Yeah, you gotta at least understand what people are telling you. Otherwise, “Ah, sorry boss! Those widgets aren’t compatible with the thingamajig so we need, like, three wee- er, months, to solve this!”
You must have enough industry experience to parse the bullshit and sort the details.

But I came in to chime along with those who said, “Call center jobs are NOT LOW STRESS.” Jeebus with jelly on a cracker, if you want to check out your brain and coast in a job, that’s not the way to go.
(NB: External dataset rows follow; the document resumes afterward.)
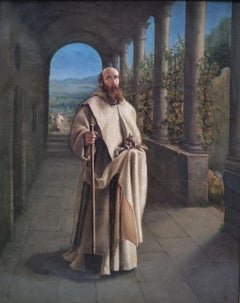 French Troubadour Religious Painting Monks Relics 19th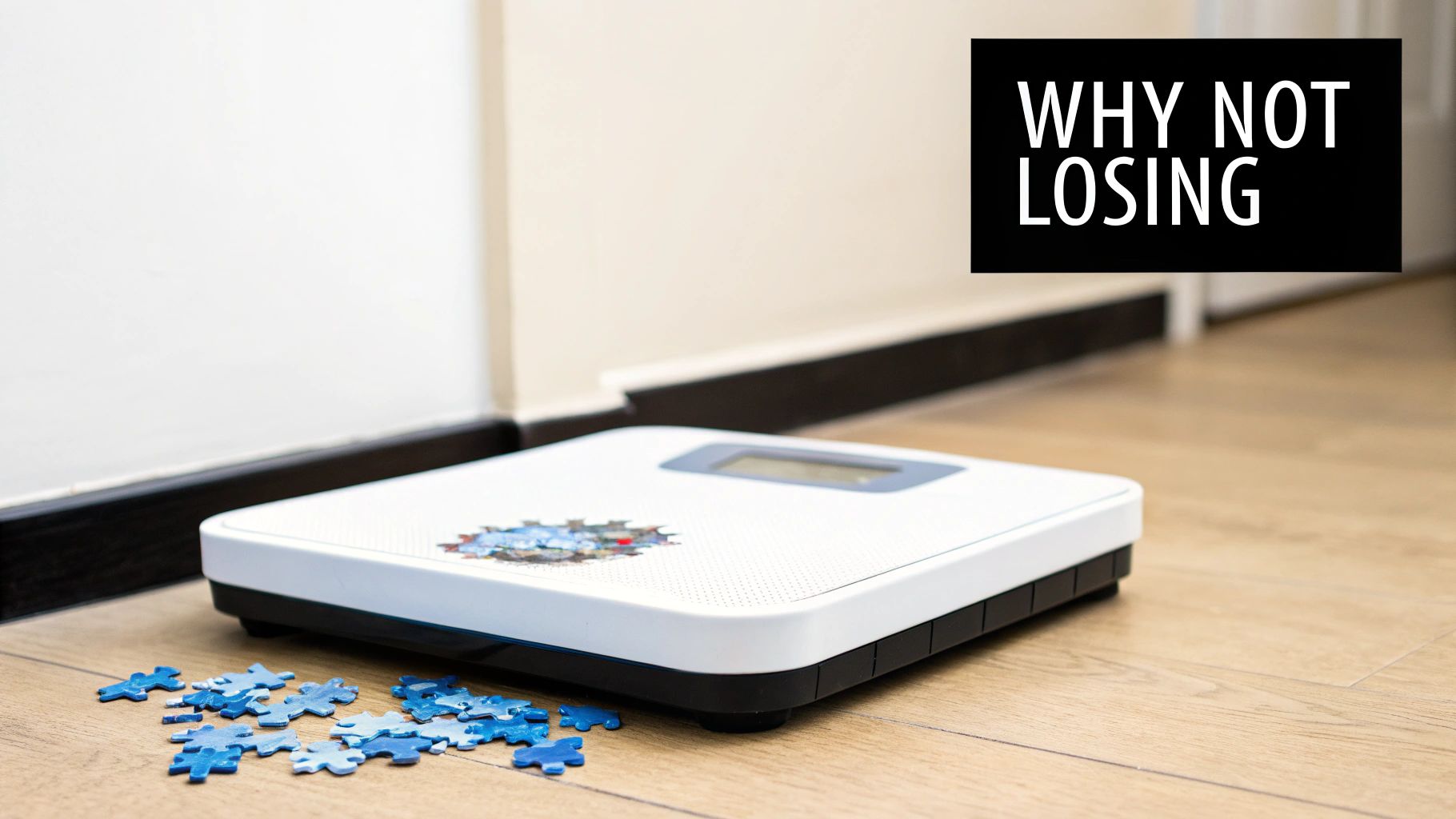 A person looking frustrated while standing on a bathroom scale.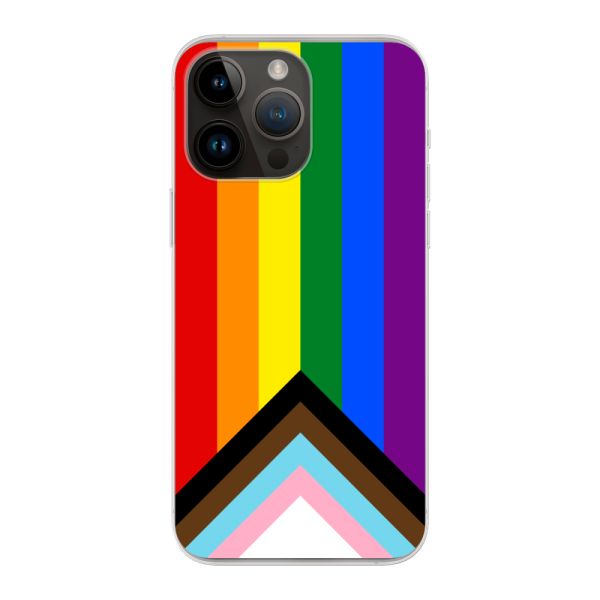 Funda iPhone 14 Pro Max flexible transparente con Bandera arcoíris - Bandera Progress Pride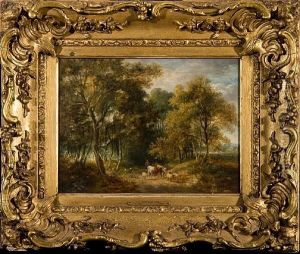 A Drover With Cattle And Sheep In A Countrylane by Samuel David Colkett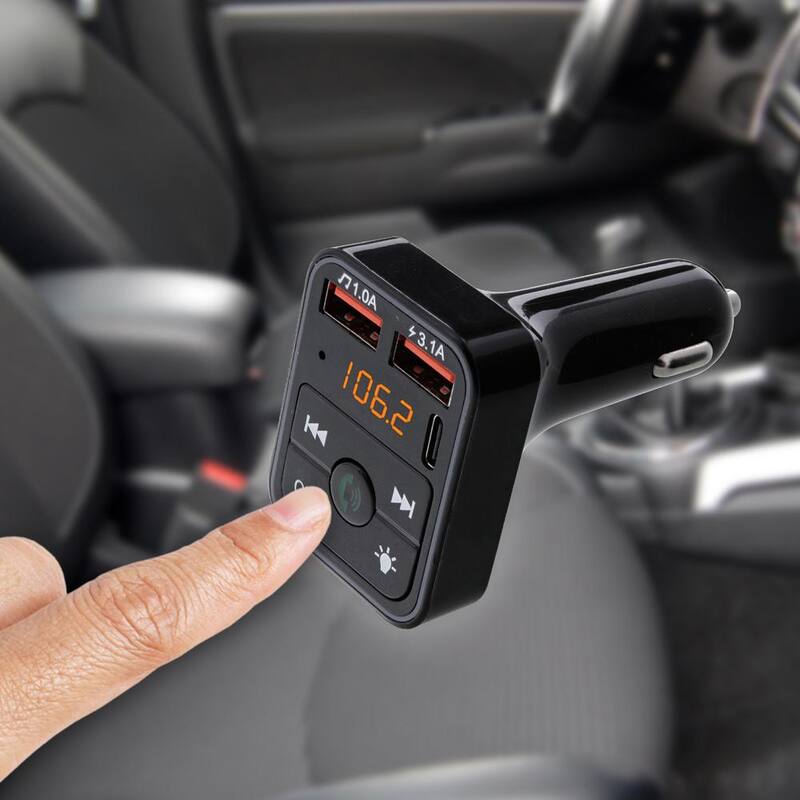 Armor All LED Light Bluetooth FM Transmitter and Car Charger, Hands Free Calling, Type-C and 2 USBA Ports - AHF9-1013-BLK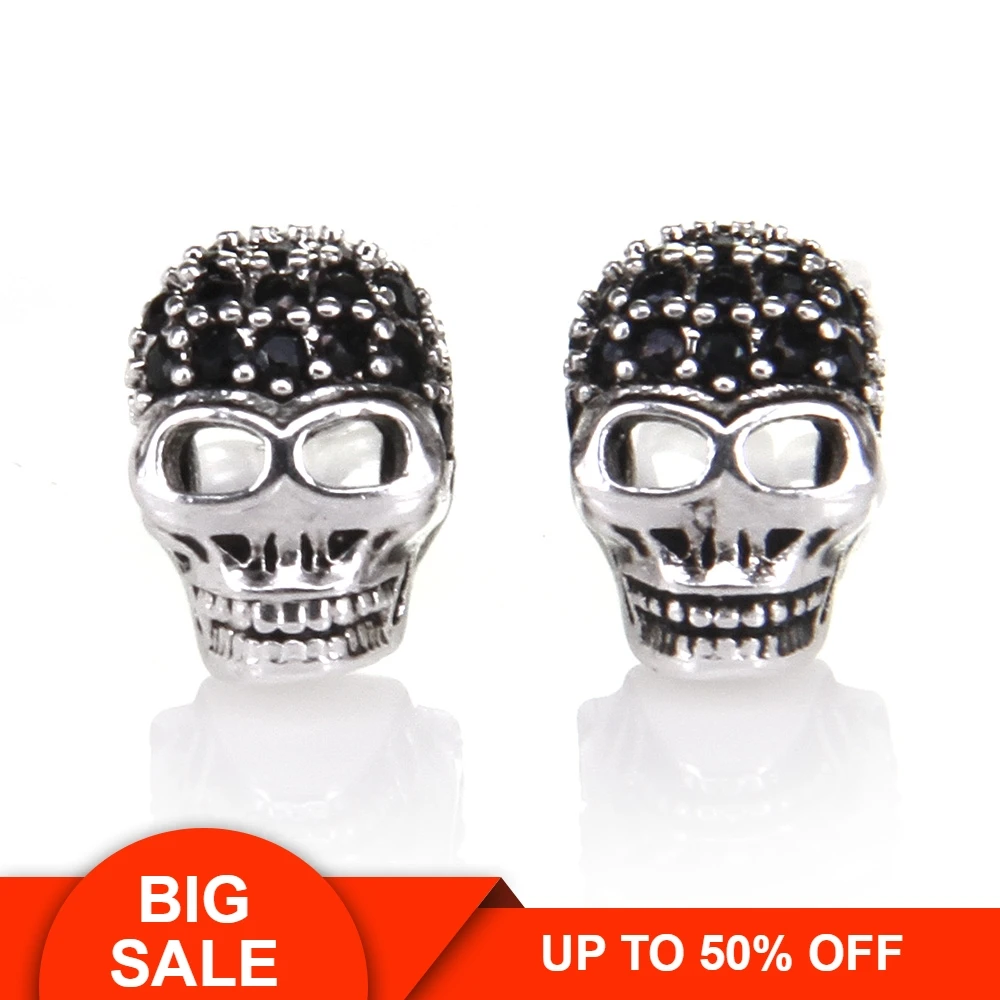 

Thomas Skull with Rhinestone Stud Earring, European Rebel Heart Style Jewelry for Men and Women TS-E45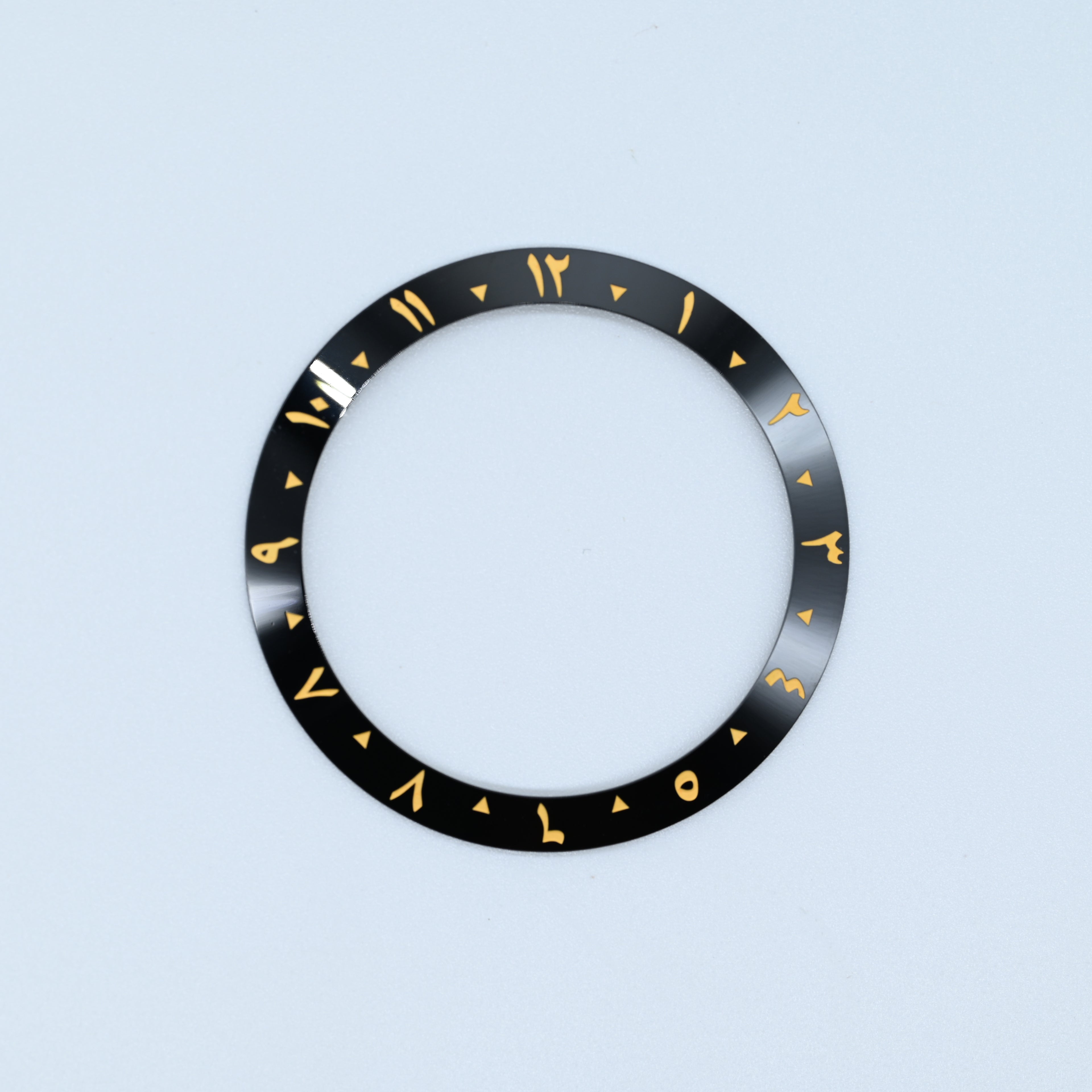 BZI056 38mm Black Arabic Dual-Time Sloped Ceramic Insert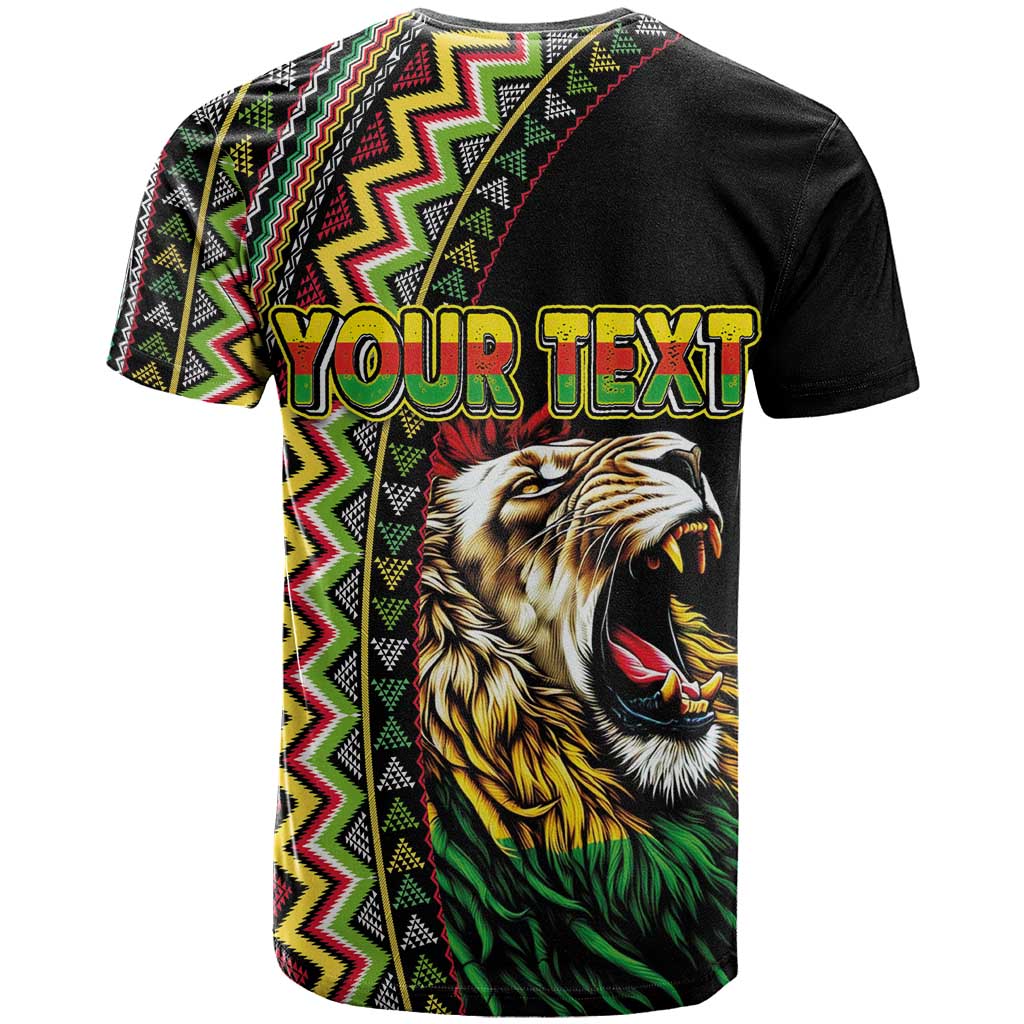 Personalized Jamaican Reggae-One Love T shirt Tribal African Pattern and Roaring Lion LT03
Thank you for that detailed response. No, I do not want to be a programmer. I was looking at Microsoft Certified Solutions Expert, but I find that has now been retired. There is something equivelent in Azure. And on one website, it said that Health Care was a big industry for that. Now in practice, I don’t know if the fact that I was a PM in health care for the past 3 years would make any difference doing that job, but it would not hurt on my resume.

I worked in a call center for a bank for a year. You ever had someone call you up from a restaurant screaming at you because their card has been declined? I have, at least once a day in that job. It is ALWAYS the bank’s fault, except 99% of the time it is not. It is only stressfull if you let them get to you.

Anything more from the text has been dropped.